▶ STORED DATA:
+ + + +

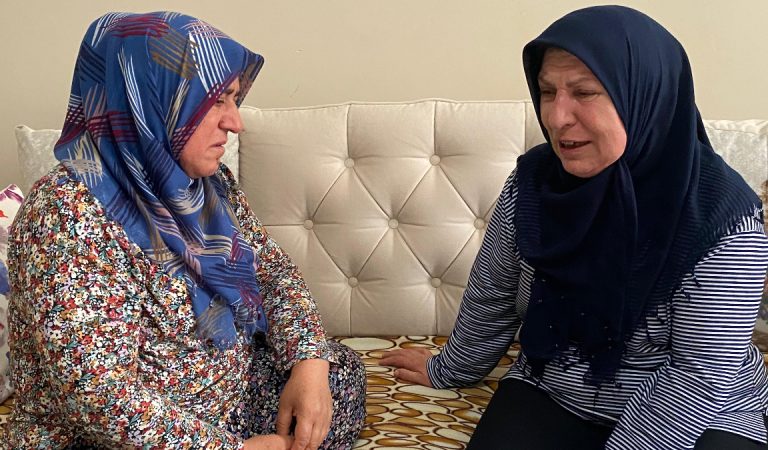 Kocaeli’de meskenini dolandırıcılara sattı
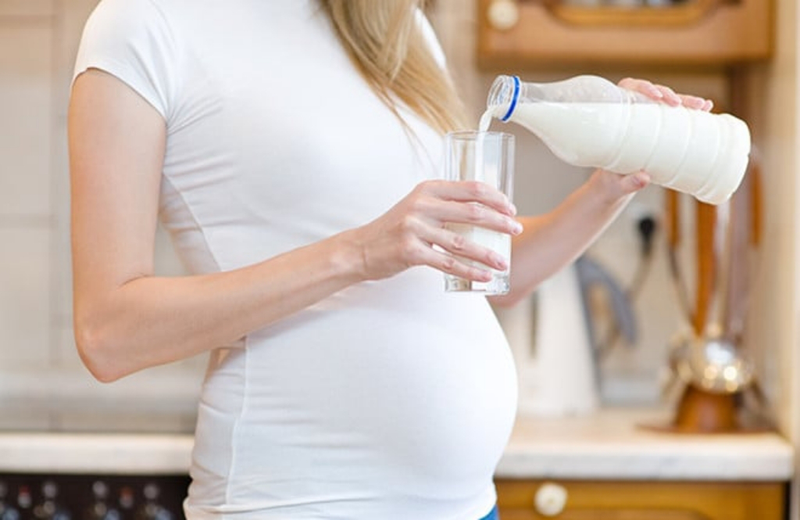 Dư ối có nên uống sữa tươi không đường không? Dùng như thế nào là hợp lý?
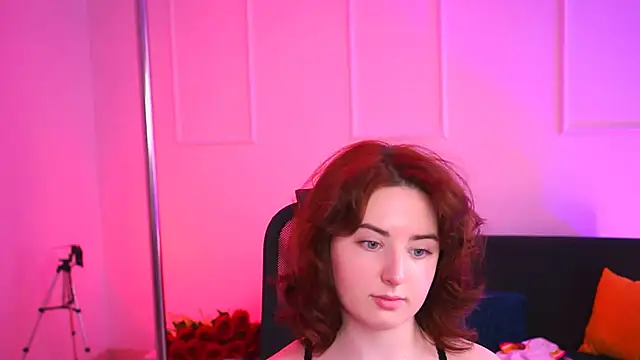 AnnTerry  online show from 02.18.25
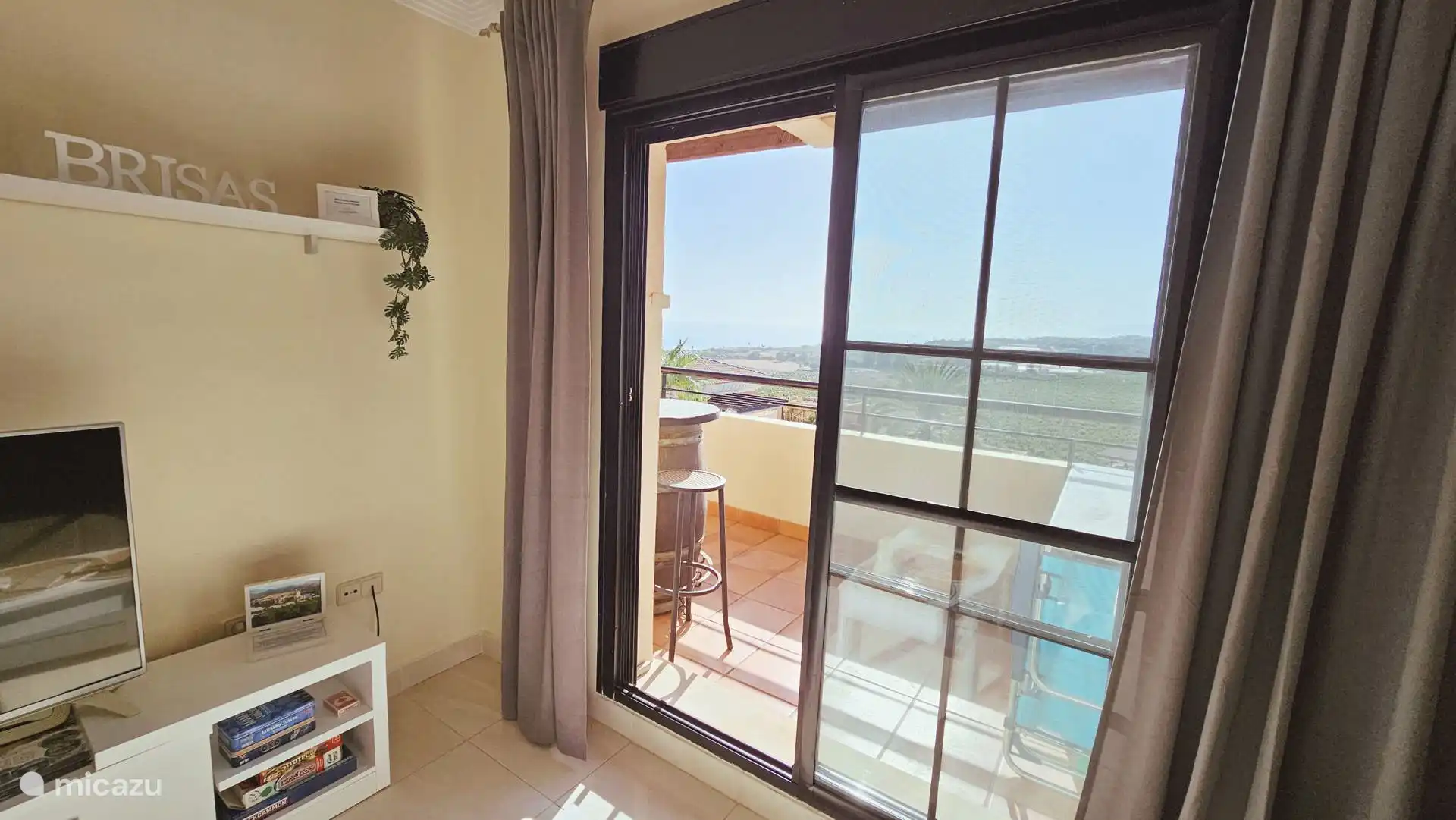 Wohnzimmer mit Zugang zur 1. Terrasse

+ + + +

▶ TASK GOAL:
Copy only the lines running from the one that holds "Dư ối có nên" through the last line of the data, and include both of those lines. Do not copy any pictures.

▶ OUTPUT OF THE EXERCISE:
 Dư ối có nên uống sữa tươi không đường không? Dùng như thế nào là hợp lý?
 AnnTerry  online show from 02.18.25
 Wohnzimmer mit Zugang zur 1. Terrasse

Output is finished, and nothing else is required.